# Table wiring?



## The Toolman (Dec 4, 2005)

My new track will only be a 2 post version with no brake post.
My question is- Are the 2 post tracks suppose to be wired with the power wire going to the posts or the ground wire going to the posts?

Ronnie


----------



## co_zee (Mar 28, 2005)

Since you would already have done 2/3 of the wiring just go ahead and wire for brakes. In the long run you'll be glad you did and the expense isn't that much more. Here is a link you might find helpful:

Track Power and Wiring


----------



## Mike(^RacerX^) (Mar 15, 2003)

Nothing for nothing,but if I was spending all of the dough you're spending,I would definetly wire the track for brakes too.At least it gives people an option.

I know I like them sometimes.

Ive been reading your posts.Sounds like you have a pretty cool setup coming.Be sure to post some pics for us to see!!!!

Mike(ice9


----------



## AfxToo (Aug 29, 2003)

-----


----------



## The Toolman (Dec 4, 2005)

Mike and AFX,

The reason I'm not doing it now is that I was told that with a lot of kids using the track on a commercial basis I would spend a lot of time changing blowed fuses from wrong hookups of the controller. I know that they are color coded, but I'm sure you know how kids are. I don't think it should take much to add the brakes later on down the road.

http://home.bellsouth.net/p/s/community.dll?ep=16&groupid=241513&ck=

This is the addy to Full Tilts page and my track is listed as Ozark Raceway

Ronnie


----------



## AfxToo (Aug 29, 2003)

-----


----------



## co_zee (Mar 28, 2005)

Take a look at the link below. I have posted a link to Steve's site elsewhwere also. He knows his stuff when it comes to electronics.
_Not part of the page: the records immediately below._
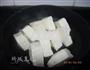 客家酿豆腐的做法图解12
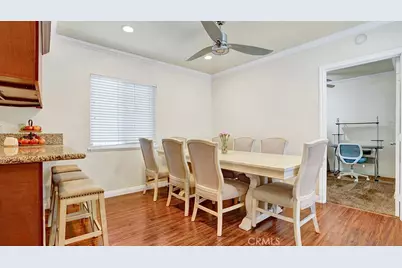 944 W Sepulveda, San Pedro, CA 90731 - Photo 19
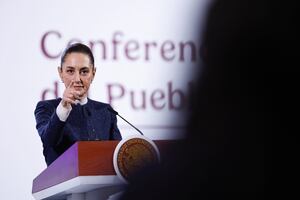 Sheinbaum combatirá la privatización de las playas de México porque "son del pueblo"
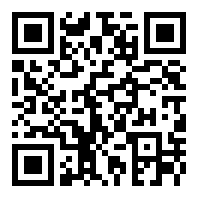 age动漫app下载破解攻略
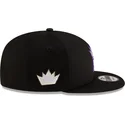 czarna-plaska-czapka-snapback-9fifty-classic-sacramento-kings-nba-od-new-era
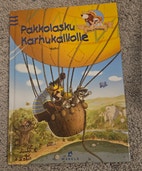 Pikkukuva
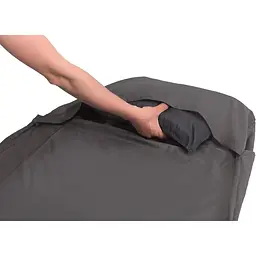 Вкладиш Robens Mountain Liner Square (1046-250242) - мініатюра 3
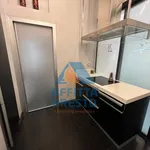 Affitto 5 camera appartamento di 140 m² in Empoli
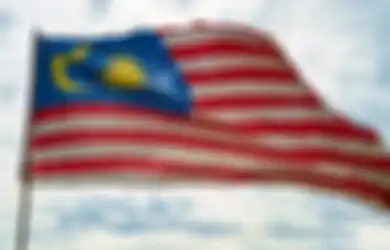 Bagaimana Argumen Malaysia dalam Klaim Kepemilikan Blok Ambalat?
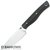 Нож Bestech Knife HEIDIBLACKSMITH Black BFK01C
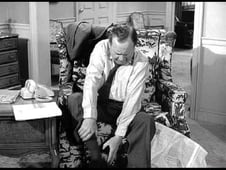 Leave It to Beaver, Season 6 Episode 26 image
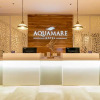 Отель Aquamare Hotel, фото 34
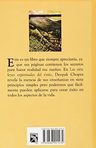 Libro - Las Siete Leyes Espirituales Del Éxito - Chopra — imagen 2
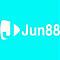 jun88build's Avatar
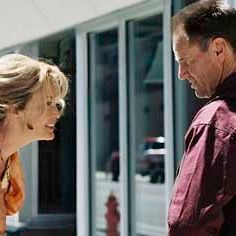 Bilder Don´t Come Knocking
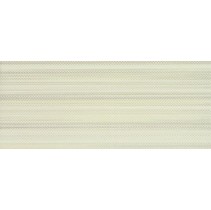 Gracia Ceramica Rapsodia Olive 02 светлая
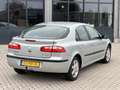 Renault Laguna 1.8 Privilege - thumbnail 18
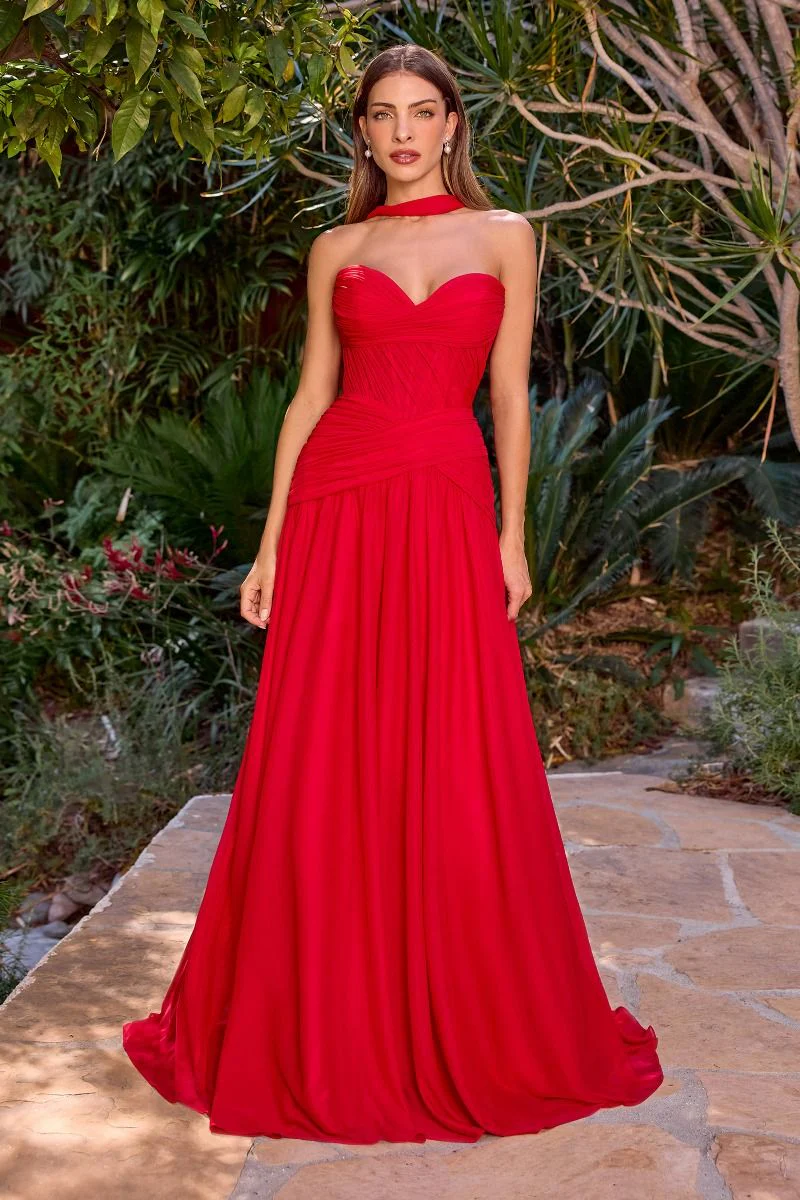 Chiara - CD395 - Image 3
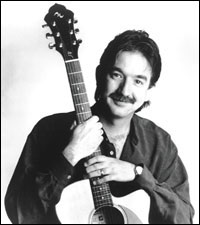Jim Henry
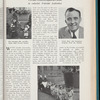 London Terrace news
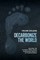 Decarbonize the World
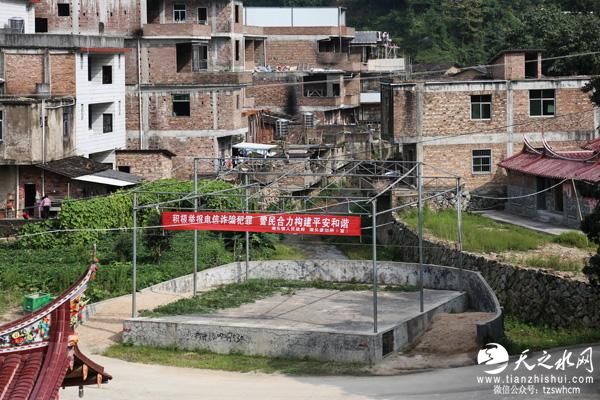 徐玉玉案嫌犯群像：人生不顺或缺钱 想快速谋财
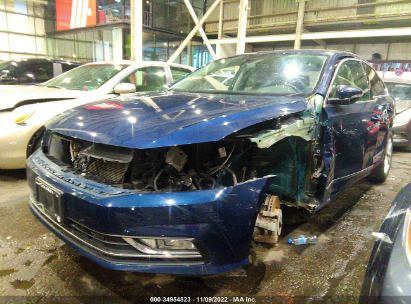Auction vehicle procurement review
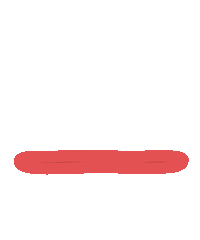 Teeth Hello Sticker by BBC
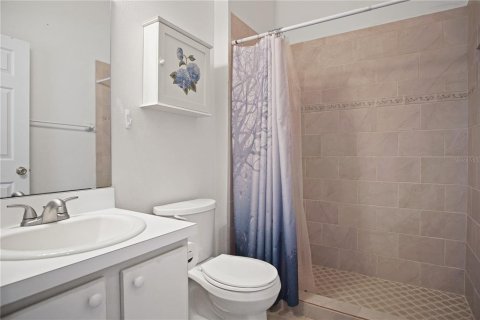 Casa en alquiler en Davenport, Florida, 4 dormitorios, 178.74 m2 № 1913431 - foto 23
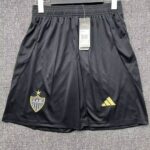 Short Atletico Mineiro local 25/26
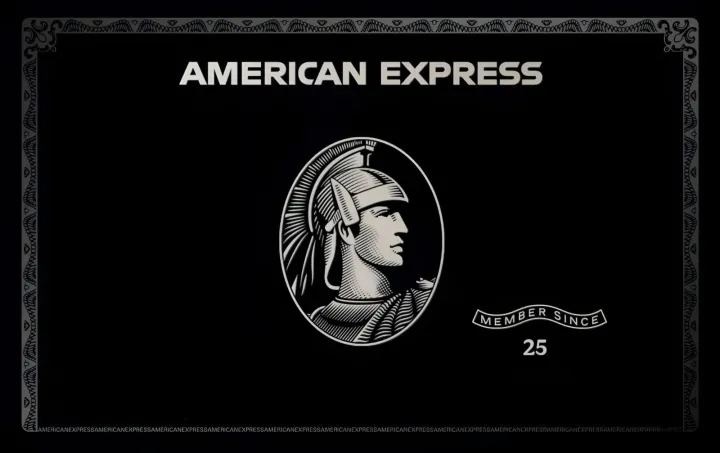 American%20Express%20ATM%20Card%20Skin%20%E2%80%93%20/%20customized%20your%20atm%20card%20skin/Stylish%20Look/Protective%20Wrap%20with%20No%20Residue%20Peel%20-%20Image%2010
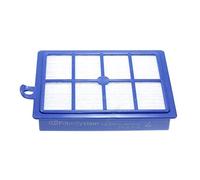 Rectangular HEPA Filter for Vacuum Cleaners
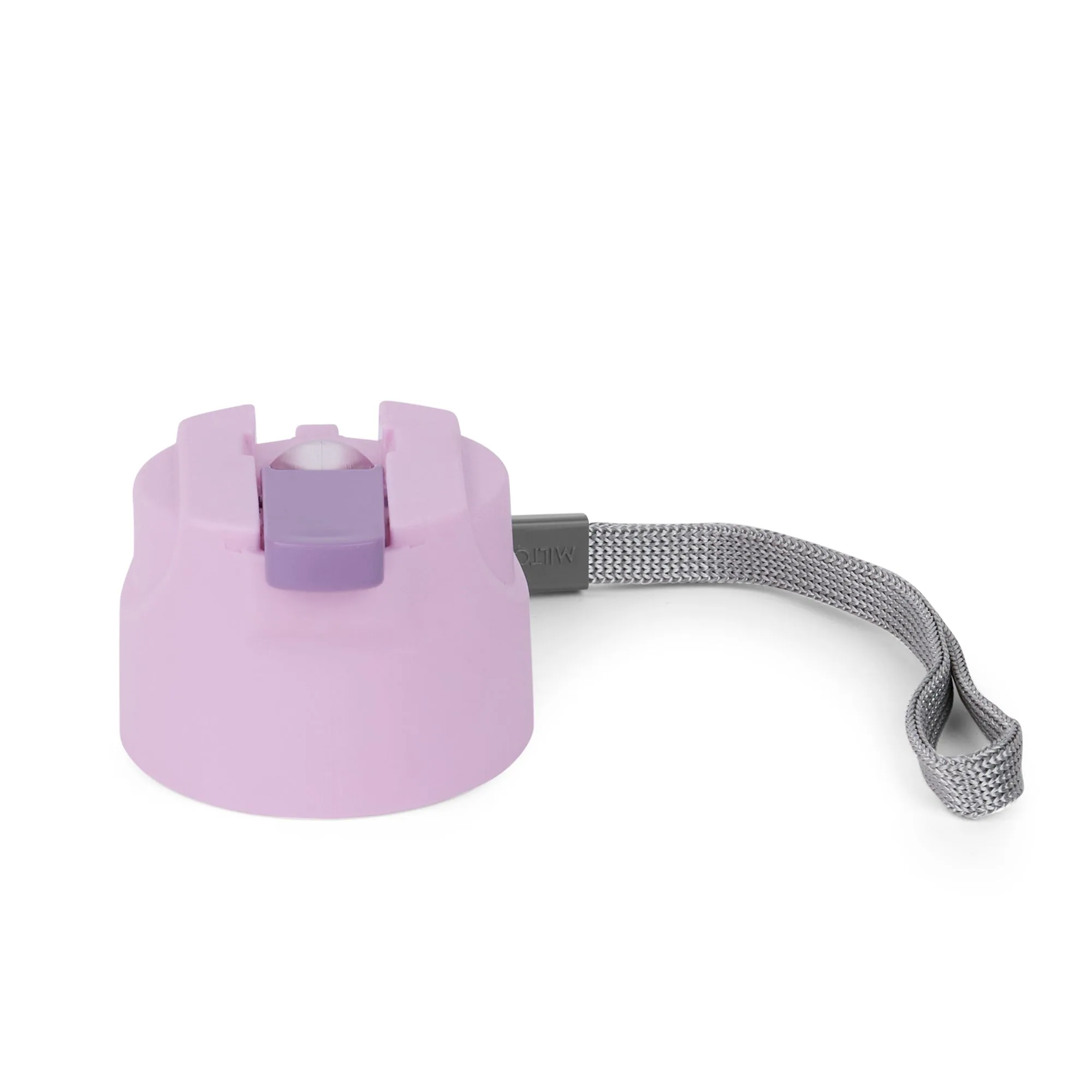 Spare Common Assemble Lid for Steel Swag Bottle - Image 6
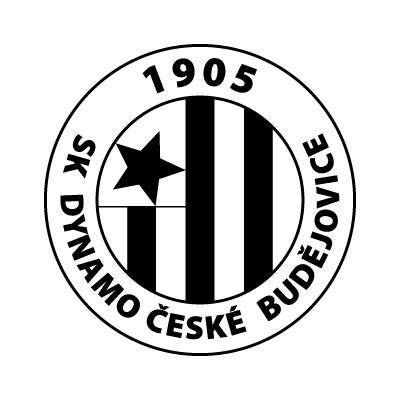 sk dynamo ceske budejovice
He works on electrical systems for nuclear power plants when he isn't racing HOs!!!!!!!

Siberia Racing's Tech Page


----------



## noddaz (Aug 6, 1999)

co_zee said:


> He works on electrical systems for nuclear power plants when he isn't racing HOs!!!!!!!


Does that explain why his cars glow in the dark?
:jest: 
(Just joking of course..)
Scott


----------